Glenn Close ... we need to see MUCH more of her on the big screen.  She's one of the best actresses anywhere, but in typical Hollywood fashion, no one seems to know what to do with her, so she's on a TV series.  She looks radiant tonight.

Rooney Mara ... huh?  I don't get it.  (Yeah, I know, I haven't seen the movie, but I still don't get it.)

Meryl Streep was fantastic in that role, but the movie ... meh.

Michelle Williams -- still didn't see that movie, either.  I'm curious about it.  Gotta say, though, she seems single-mindedly determined to be a serious actress.

Wow ... another complete surprise.  I really didn't think they'd do it quite yet.  Love that both she and Viola Davis were in the front row.  No one knew for sure!  Love the look of surprise that was really on her face.  "But ... whatever."  Love it.
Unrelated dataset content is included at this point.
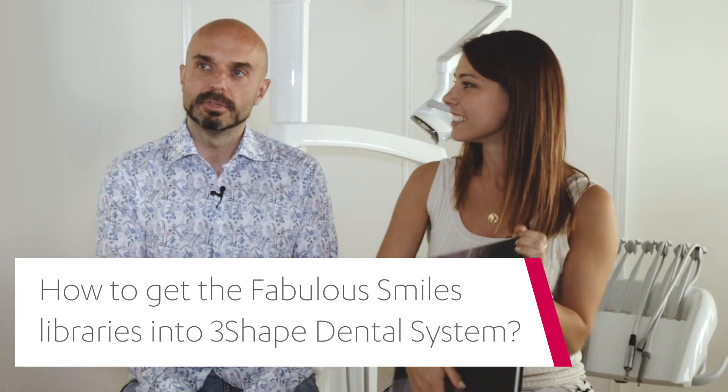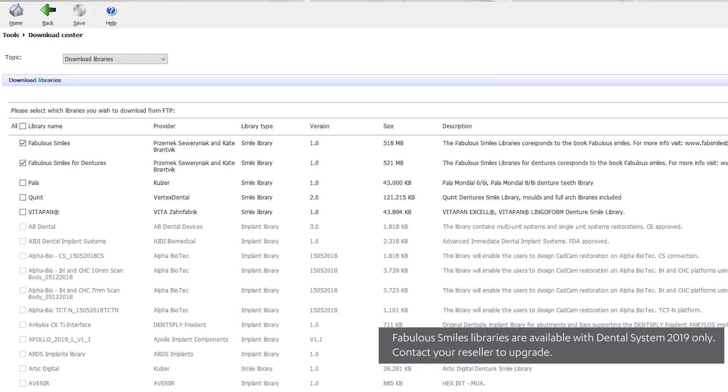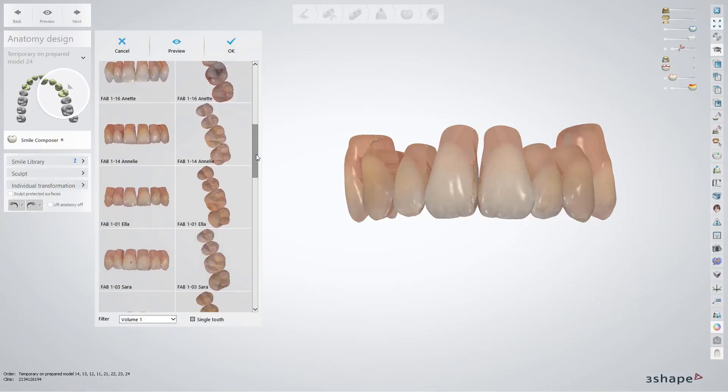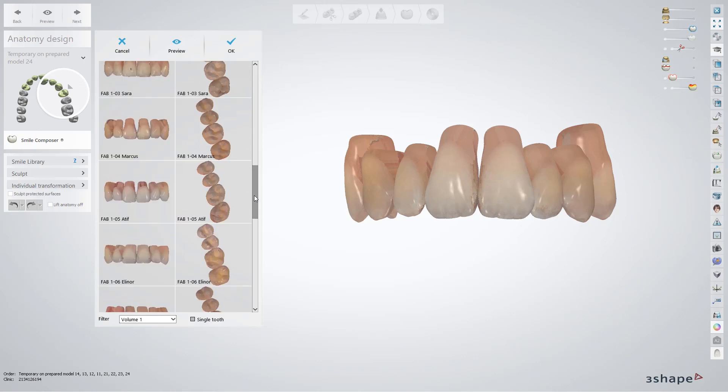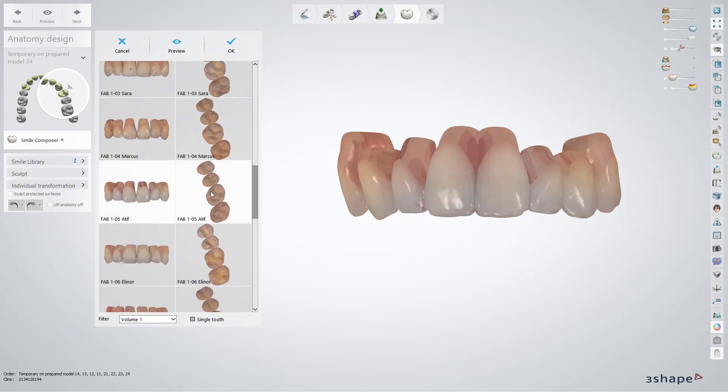You can also use the book for self-education by looking at really nice teeth and seeing how to make nice texture and shading. The libraries in the dental system are downloadable from the control center or control panel — you can search for smile libraries and choose which ones you want, such as the Fabulous Smiles libraries for Crown & Bridge or dentures, or download them at the end of installing the 2019 version.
I know she's a great actress, that she's a consummate pro, but Meryl Streep always comes across as believable, sincere and genuine, despite her fame.  Maybe she really is just acting?  I hope not.

8:33 p.m.
Tom Cruise.  Interesting choice.

I'm still going with The Artist.  But I won't be surprised by Tree of Life, The Help or The Descendants.

Oh, yeah, or Hugo.

Or, come to think of it, Midnight in Paris.  Really good nominees this year.

This is the first time I've actually wanted  to see Extremely Loud and Incredibly Close.

Very nice montage there.  Love how they're doing this.  Actually feels suspenseful!


Awesome.  Very pleased.  The Artist is a fantastic film.  Some find it too lightweight, others think it's too clever or somehow not really that important because it's got a "slight" story, or complain it's just a novelty.

To them, I say ... it's a movie.  It's a glorious movie.  It sends the audience out of the theater feelign happy, feeling joy.  Now it will have a bigger audience -- more people will discover it.

OK, that's done.  Now I'm gonna watch The Amazing Race.

Good night!


  1. Watching the Tom Banks sneak peak backstage.@ The Kodak, is it.still called.that?

  2. I'm reminded that I missed both Mission Impossible and Tin Tin this year.

  3. Yup my guess is Hugo for Best Piicture too!